Why should we be surprised that so much of The Tiger Woods Show this week has been almost opposite of conventional anticipation?
The other way around so far:
--The long layoff did not keep Tiger from getting off to a dazzling start.
Or keep him off the leaderboard going into Sunday.
--More surprisingly, Tiger felt the love from the moment he stepped to the first tee Thursday to that smile and appreciative wave coming off the 18th green on Saturday.
--The Masters is extra-electric with Tiger and TV ratings are way up. But this hardly would have been a snore without him.
"The Masters is the Masters," said Angel Cabrera, perhaps the most overlooked defending Masters champion ever. "They can talk about anybody. They can talk about Tiger. But the Masters is the Masters and we have to give the importance to the Masters as the Masters."
--Tiger is intimidating.
Not to K.J. Choi, who played evenly with Tiger on Thursday, Friday and Saturday while playing with Tiger all three days. Woods and Choi are paired for a fourth day in a row today.
--Phil Mickelson doesn't do well playing in Tiger's shadow.
Except while slashing five strokes into the lead Saturday over three amazing holes.
Kids, and Dr. Galea
--Infidelity might not be Tiger's biggest problem down the road.
Talk of HGH and Tiger's admission that controversial Dr. Anthony Galea visited his home probably are issues that won't go away. Galea, currently under federal investigation, provided Woods with platelet-rich plasma treatment. Which is OK under the PGA drug testing rules.
But Woods deserves baseball-type scrutiny here, and then some.
--The ultra-protective green jackets who run Augusta National didn't shield their most talented champion. Augusta National Chairman Billy Payne let Woods have it during a blistering opening to his annual state-of-the-Masters address.
--The Augusta National crowd is heavy with adult males, but Payne singled out "our kids and our grandkids" as the most significant of those "disappointed" by Woods.
Tiger's impact on the secondary market for tickets and badges has made it tougher for golf enthusiasts to bring kids to the tournament, which is partly why Masters managers started an innovative junior pass program, which helps explain Payne's disgust.
--But Tiger did not bite back.
"I was disappointed in myself, too," Woods said when asked to react to Payne.
--After all these years, Tiger's success, contrary to original theory, has not sparked significant participation by young African-American golfers at high levels of competition.
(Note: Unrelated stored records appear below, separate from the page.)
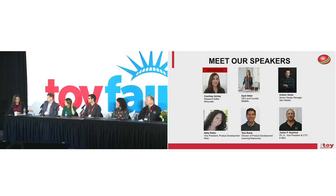Our panelists are: Tom Runts, Director of Product Development at Learning Resources; Aya Badir, founder and CEO of LittleBits, the modular circuitry toy company; Andres Garza, Senior Design Manager at Spin Master, formerly from NASA; Netta Rabin, Vice President leading product development at Klutz; and Jim Seymour, Vice President and CTO of eBlocks.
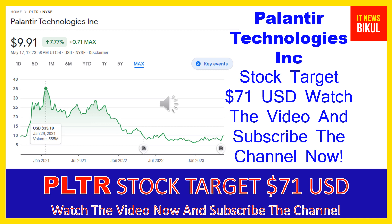You can clearly see on the chart of PLTR stock that the higher price was made on January 29, 2021, when the price was $35.18 USD. Now PLTR stock is available at very cheap rates, and there is a very big opportunity for investment because from here a bounce-back chart pattern is appearing now.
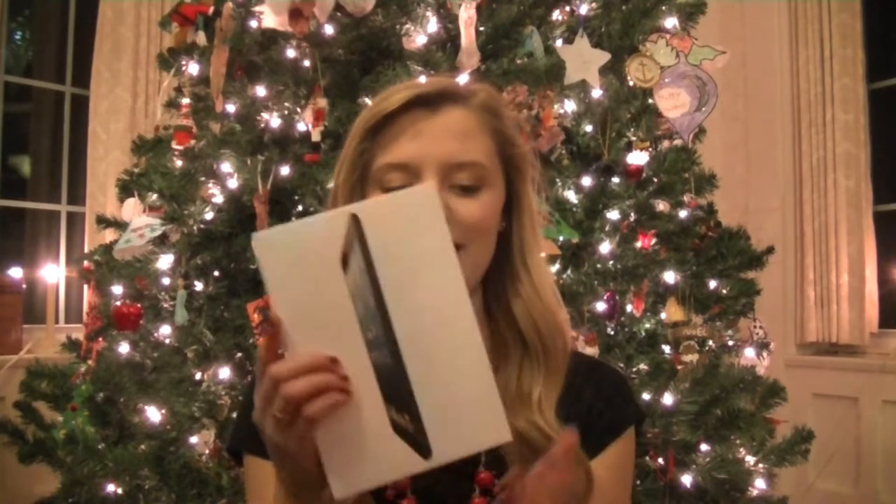So the first thing I'm going to start off with is my big present that I woke up to this morning. I'm so shocked at this, and I'm really happy I got it too, because I'm going off to college next year — I received an iPad Mini.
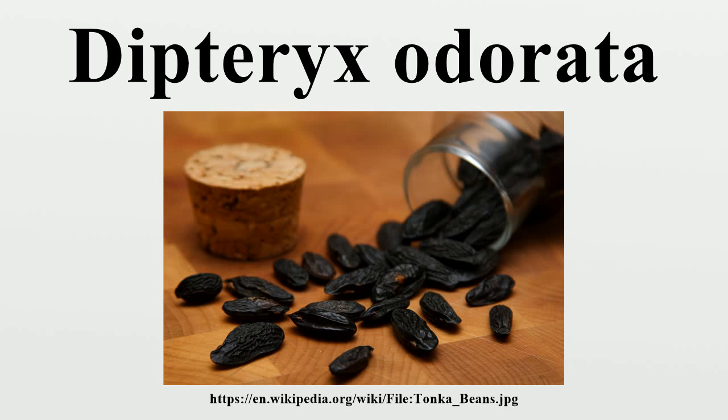Each developed fruit contains one seed. Dipteryx odorata is pollinated by insects. The worst pests are the bats because they eat the pulpy flesh of the fruit. A few known fungi may cause problems: Anthostomella abdita, Diatrype species, Macrophoma calvuligerae, and Mycoporum cubense.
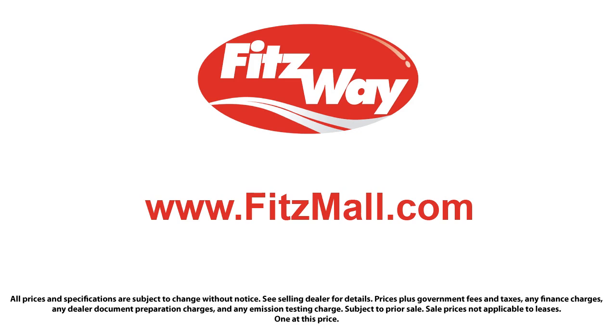The Fitzway puts the customer first with honesty, respect, and a total commitment to customer satisfaction. That's the Fitzway.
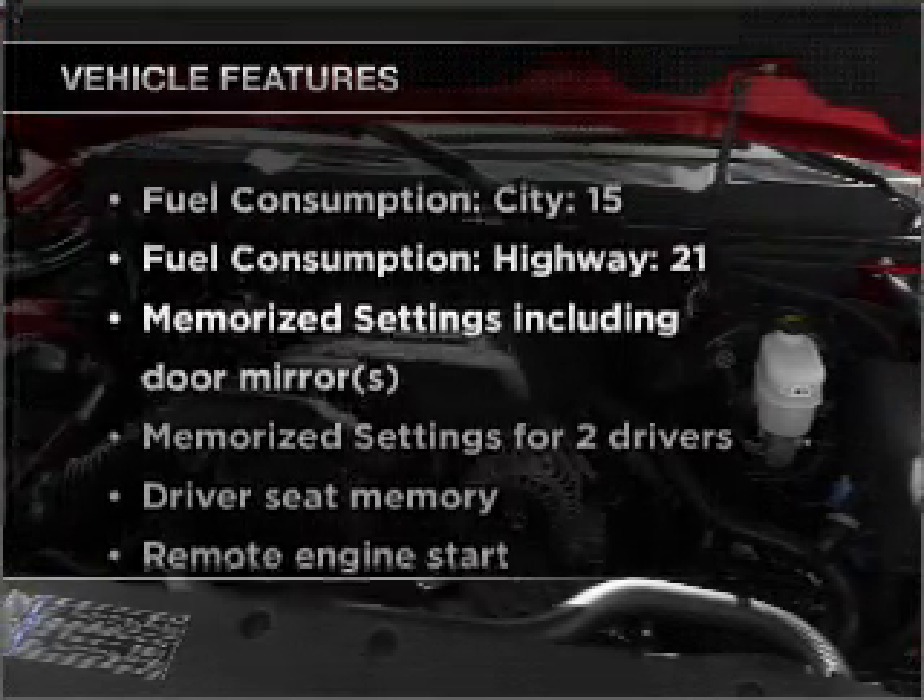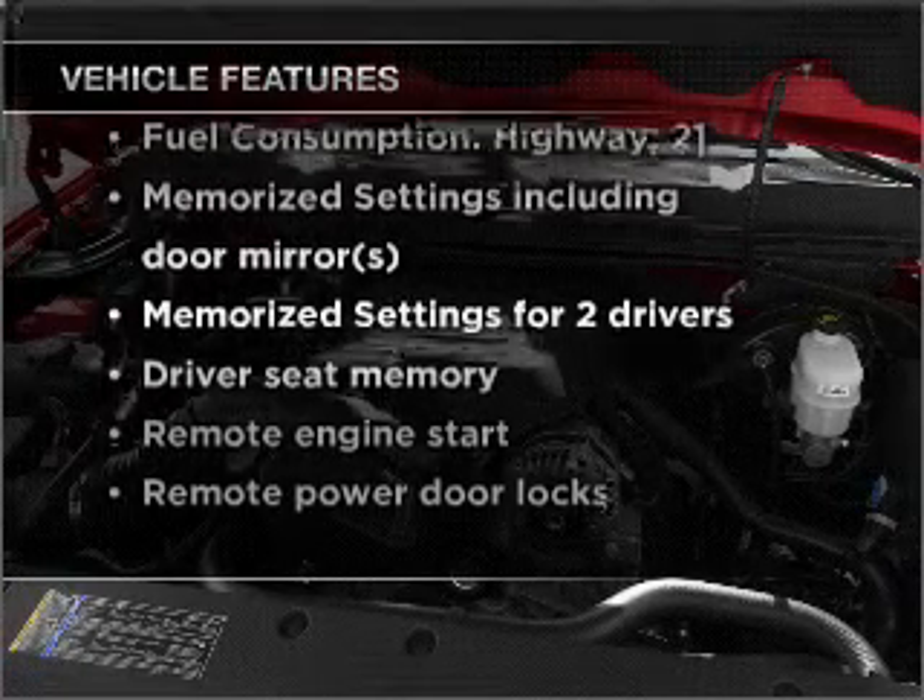And with these notable features, you won't want to miss out on the opportunity to own this amazing vehicle.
But his Thai ties probably helped trigger a golf boom in Asian countries, which has led to a direct Masters connection to the Asian amateur golf program.
--The sky around Augusta National is not, as previously believed, protected by anti-aircraft artillery bunkers secretly placed along Washington Road.
"I thought this was like controlled air space," Tiger playing partner Matt Kuchar said when asked Thursday to comment on the infamous banner-carrying airplane.
--There might be more pressure on Tiger fans than Tiger. Those black and white "TW" caps aren't as plain and simple anymore.
Can you really wear one in public?
In mixed company?
--A lot has been different this week in Augusta. But for the most part, things are mostly the same: Azaleas, dogwoods, Tiger Woods in contention for another Masters jacket and patrons enjoying the best parking and food prices in sports.